Когда прозвучали трубы, вызывая рыцарей на решающий бой, все очень волновались. Особенно девушка, которая должна была достаться победителю. Один рыцарь ей нравился, а другого она боялась. Последний поединок проходил на мечах. Я решил, что ни тот, ни другой не умеют фехтовать. Они просто размахивали двуручными мечами и били друг по другу со всей силы. Совсем неинтересно. Но все-таки, тот, который был в доспехах с узором из голубой эмали, поймал момент, когда меч его противника лег концом на землю, и мощным ударом сверху сломал его. Противник отошел на два шага, осмотрел обломок меча, отбросил и признал себя побежденным. Оруженосцы уже вели к победителю его коня, а к побежденному подъезжала волокуша. Я посмотрел на девушку — награду победителю. Она ликовала и била в ладоши.

Я целую неделю рассказывал и пересказывал тете Элли подробности поездки. Она очень внимательно все выслушала, задала множество вопросов. Когда я рассказал о свадьбе, назвала меня непонятным словом плагиатор, а потом предложила подсчитать, сколько поединков я видел. Я сложил восемь, четыре, два и один и получил пятнадцать.

— А если бы в турнире участвовало 128 рыцарей? — спросила она. Я растерялся.

— Но это же так просто. В каждом поединке выбывает один участник, пока не останется всего один победитель. Выбыло 127 рыцарей, значит было 127 поединков.
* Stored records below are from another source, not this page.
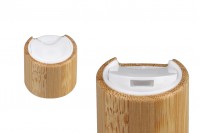 Disk top plastični zatvarač PP24 sa presvlakom od bambusa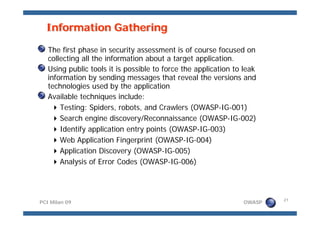 Meucci OWASP Pci Milan 09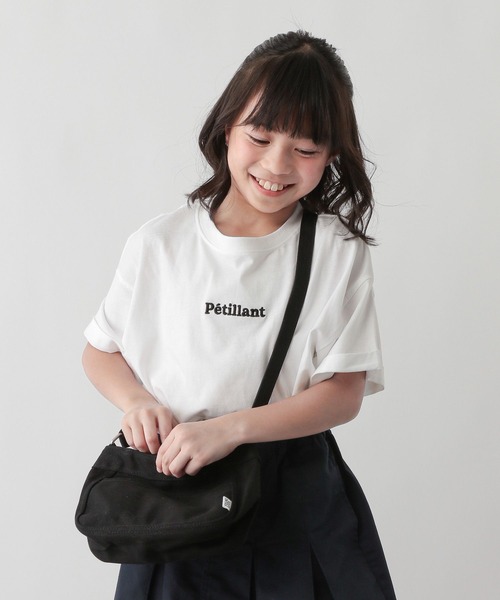 FOUND GOOD（ファウンドグッド）の「K/キャンバスミニショルダー（ショルダーバッグ・キッズ・ブラック/アイボリー/パープル系2/グリーン系8・FREE）」の6枚目の写真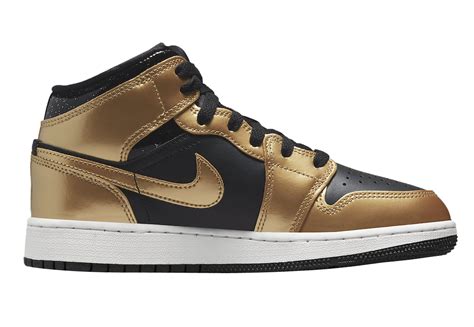 nike air jordan 1 mid black black black asphaltgold|jordan 1 metallic gold 2020.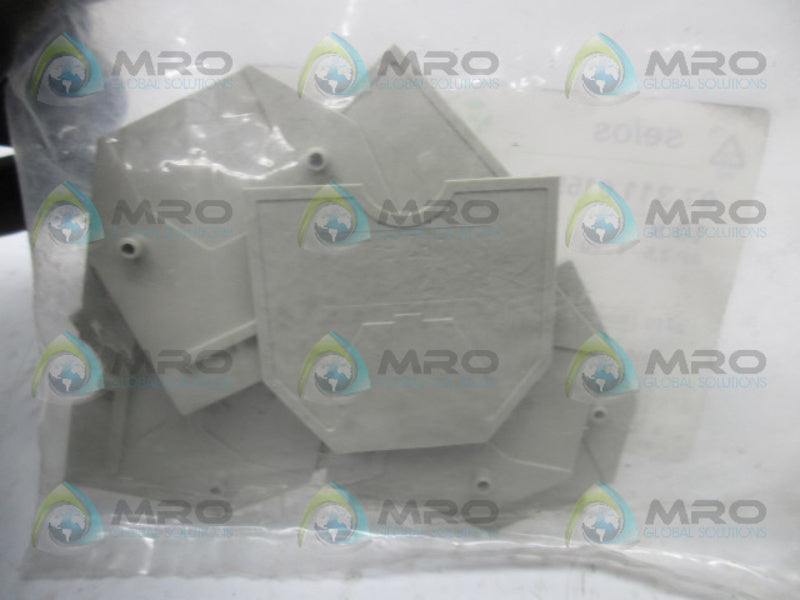 WIELAND 07.311.0155.0 END PLATE AP 2 (PKG OF 10)  NSMP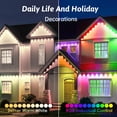 thumbnail image 3 of Cadena de luces RGB permanentes para exteriores Logriw 152 m IP67, 3 of 8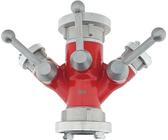 Verteiler Storz C-CC Feuerwehr Absperrung Ventil 2-fach Niederschraubventil ALU von MBS-FIRE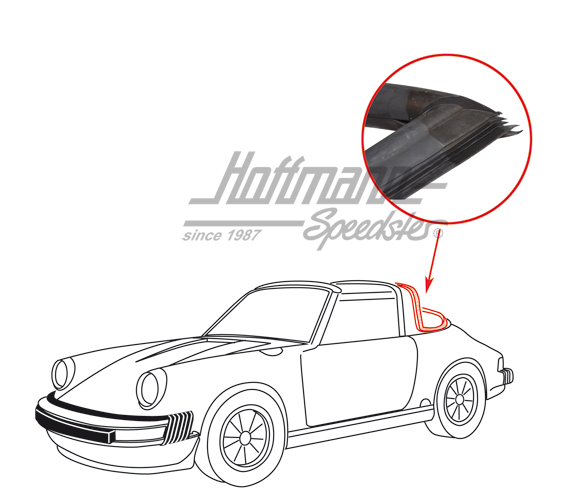 Rear window seal, 911 Targa, 72-89                                                                  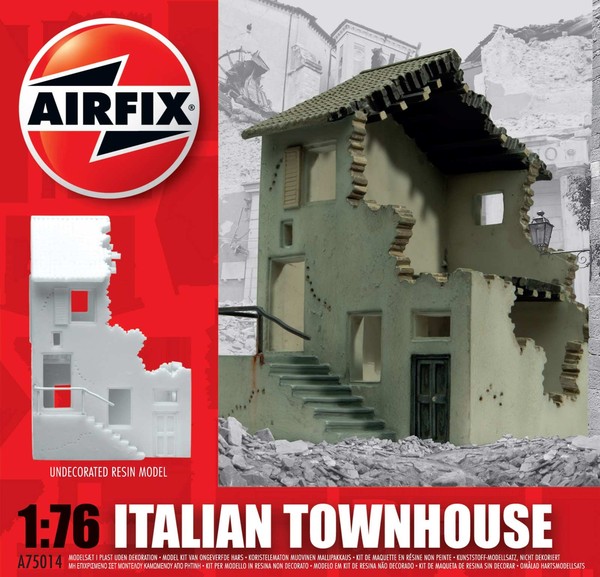 AIRFIX 75014 Ruiny budynku WWII - Dom miejski 1:72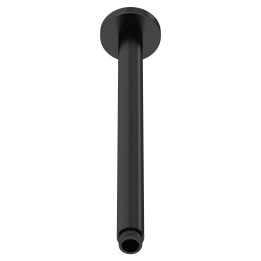 Matt Black Round Ceiling-Mounted Arm 300mm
Дома я пошел в учебную комнату, взял кусок мела и проверил на доске. Все сходилось. Это было поразительно. Так просто!

ГЛАВА 7

О хвосте тети Элли и подвигах Геракла.

Только через год я заглянул в дальнюю комнату, где пробил стену и увидел хвост драконы. Осторожно разобрал камни, посветил в дыру фонарем и увидел светлозеленую чешую. Очень осторожно потрогал ее. Настоящая! Теплая! Никакой кровавой слизи! Рана заросла новой чешуей. Значит, если не торопиться, я могу освободить дракону. Пусть это займет годы, время у меня пока есть. Почти двенадцать лет до того момента, когда я должен буду принести клятву.
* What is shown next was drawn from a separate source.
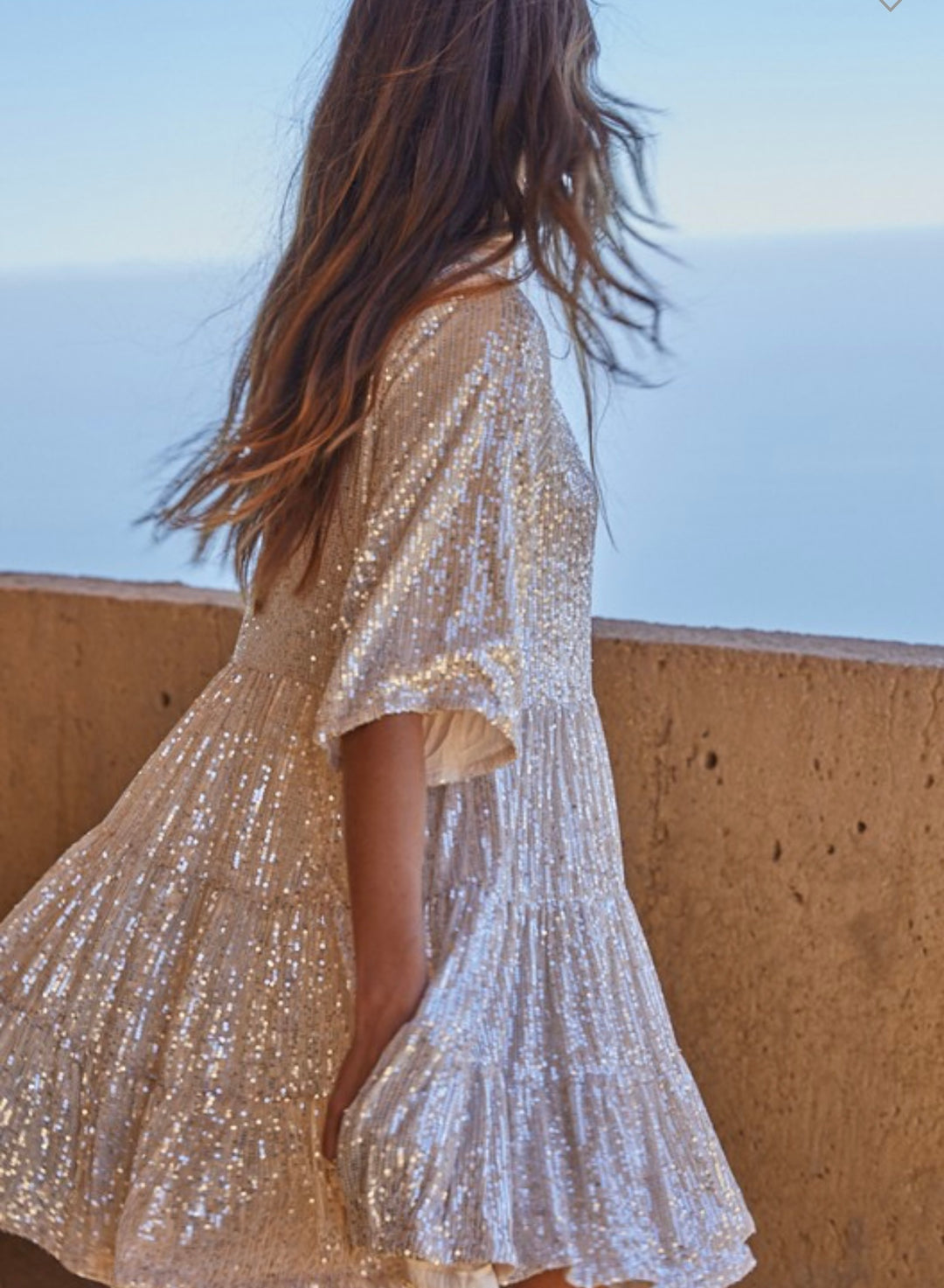 Sequined Pearl Dress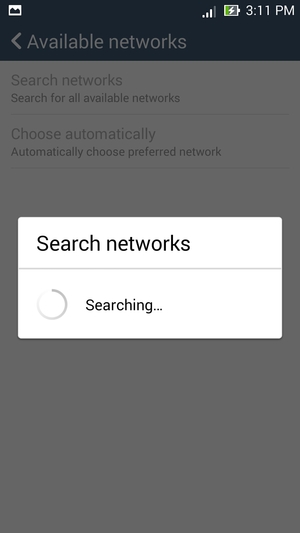 Wait for the search to finish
В тот же день я разыскал рабочую одежду, кинжалы, обломанный меч и возобновил работу. Драконе, чтоб не волновалась, сказал, что нашел замурованный проход, который ведет куда-то вниз, и хочу его раскопать. Взял с нее слово, что она никому об этом не расскажет. Тетя Элли попросила меня быть осторожным.

Я выковыривал камень за камнем и относил их в соседнюю комнату. На этот раз я был умнее. Собирался сначала обкопать дракону со всех сторон, а потом очень осторожно, по миллиметру счищать раствор, пока не откроется ее тело. Тогда, возможно, ей не будет так больно. Определить, где под камнем тело драконы, было очень просто. Чем ближе к телу, тем влажней и рыхлей становился раствор между камней. Прочность восстанавливалась в полуметре от хвоста. Я надеялся, что в других местах кладка отсырела еще больше.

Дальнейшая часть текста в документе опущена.